Maurício estaria fazendo com que grandes quantias retornassem, para voltar em seguida em contas limpas no exterior. As mesmas fontes afirmam que numa operação triangulada entre Nova York, São Paulo e Campinas, ele teria movimentado US$ 22 milhões apenas nos últimos três dias.
O nome de Maurício chegou na semana passada à CPI do Narcotráfico, durante as investigações que culminaram com a descoberta da Conexão Campinas. Maurício seria o principal responsável pelas mega-operações de lavagem de dinheiro realizadas pela quadrilha ligada ao empresário campineiro William Walder de Sozza, que fugiu depois que sua prisão preventiva foi decretada. Ele seria um dos principais pontos de ligação entre as diversas quadrilhas do crime organizado investigados pela CPI no Acre, Alagoas, Maranhão, Mato Grosso do Sul e São Paulo.

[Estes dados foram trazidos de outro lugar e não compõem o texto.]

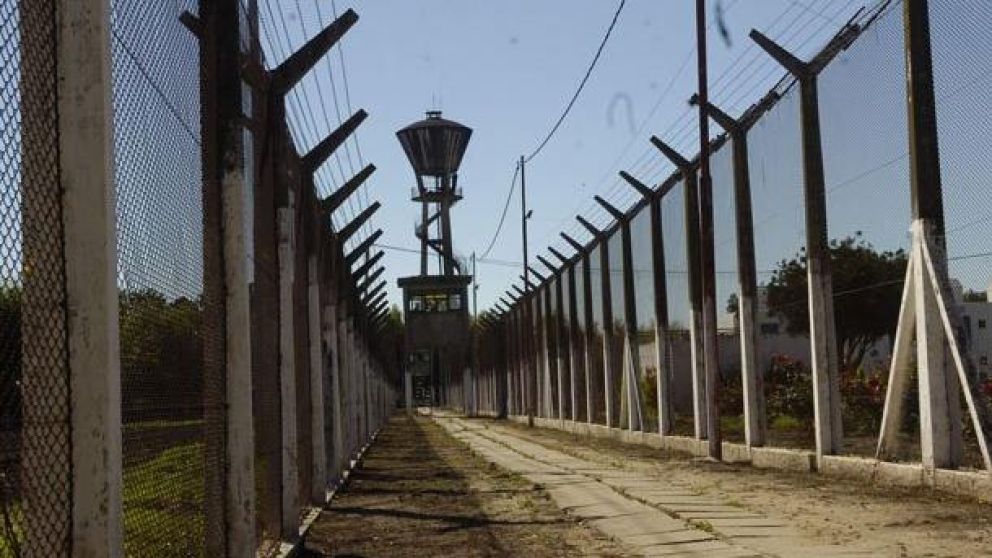 Imágenes del penal de Las Flores.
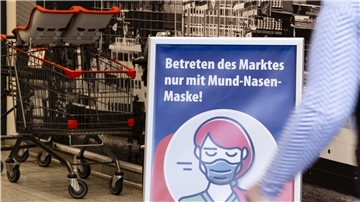 Auch in Niedersachsen und Bremen gilt Maskenpflicht. Wer einen solchen Schutz aber aus gesundheitlichen Gründen nicht tragen kann, ist von der Pflicht ausgenommen. Foto: Frank Molter/dpa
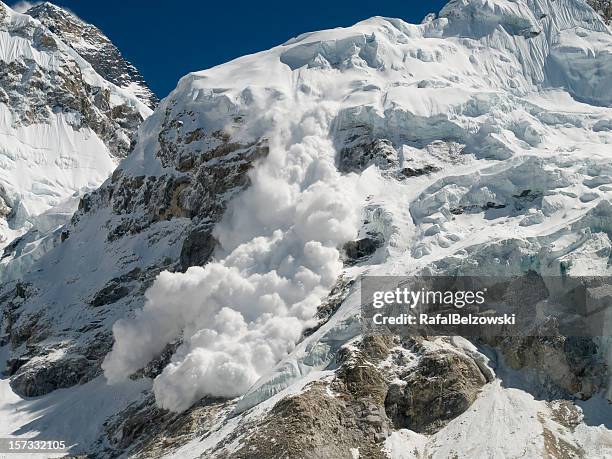 everest campamento base avalancha - avalancha fotografías e imágenes de stock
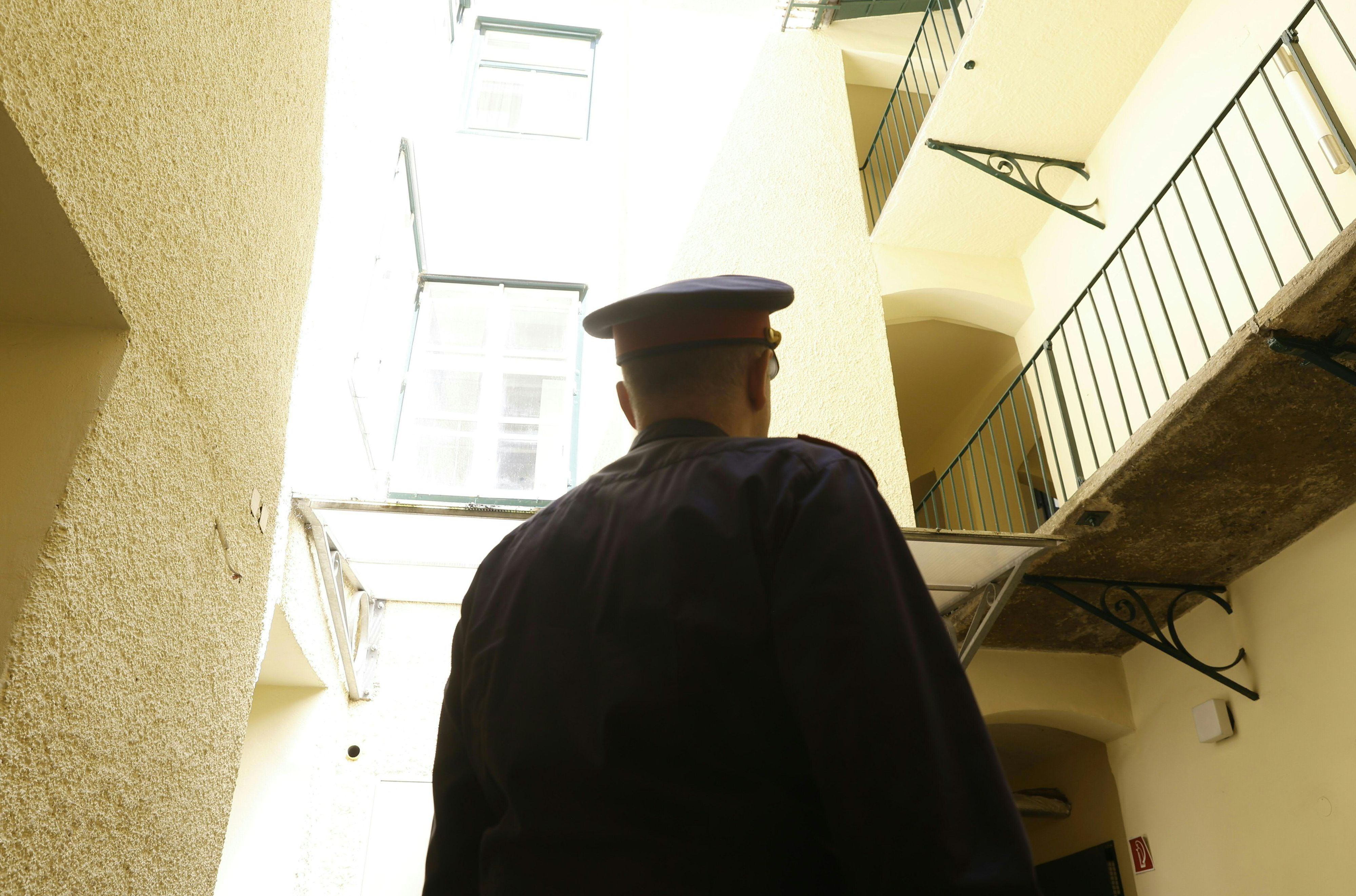 Download von www.picturedesk.com am 01.06.2022 (12:15).  ABD0088_20220531 - GRAZ - ÖSTERREICH: ZU APA0238 VOM 31.5.2022 - Ein fünfjähriges Kind ist am Dienstag, 31. Mai 2022 in Graz mit einem Messer attackiert und schwer verletzt worden. Die Tat wurde in einer Wohnung in der Grazer Innenstadt verübt. Im Bild: Ein Polizist am Tatort, aufgenommen am Dienstag, 31. Mai 2022 in Graz. - FOTO: APA/ERWIN SCHERIAU - 20220531_PD3370 - Rechteinfo: Rights Managed (RM)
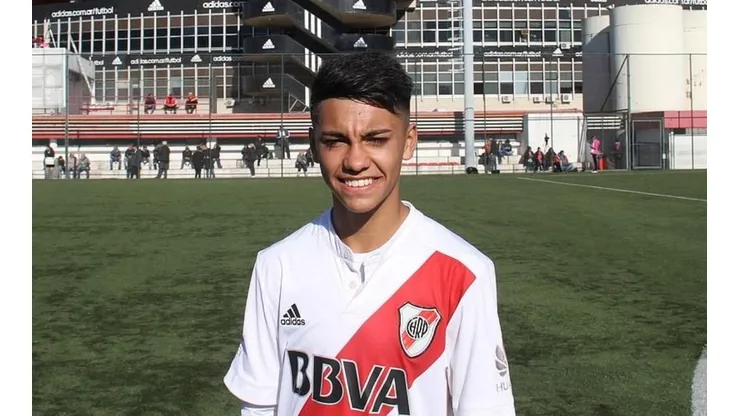 River: un juvenil con coronavirus y dos más aislados por contacto estrecho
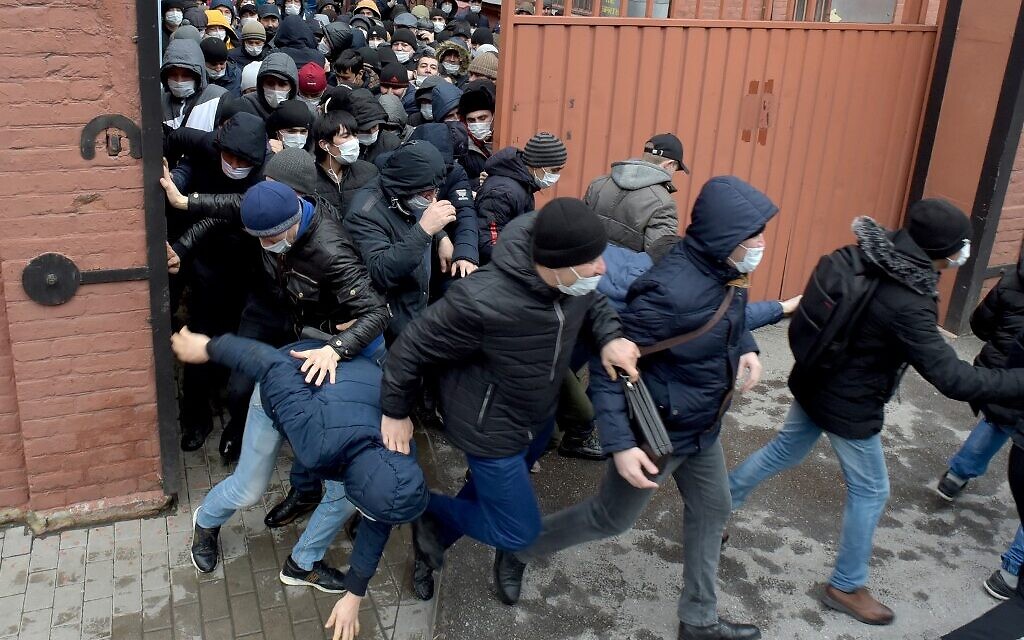 Migrants wearing protective facemasks hurry to renew work and residence permits in Russia at a migration center in Saint Petersburg on April 3, 2020, amid the spread of the coronavirus. (Olga MALTSEVA / AFP) Migrants wearing protective facemasks hurry to renew work and residence permits in Russia at a migration center in Saint Petersburg on April 3, 2020, amid the spread of the coronavirus. (Olga MALTSEVA / AFP)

O esquema de lavagem de dinheiro de Maurício envolveria tradings em vários paraísos fiscais, entre eles as Ilhas Cayman, bancos, financeiras e empresas de importação, casas de câmbio em Pedro Juam Caballero, Pontã Porã, São Paulo. O coração de toda a operação estaria em Campinas. Treze casas de câmbio brasileiras já começaram a ser investigadas.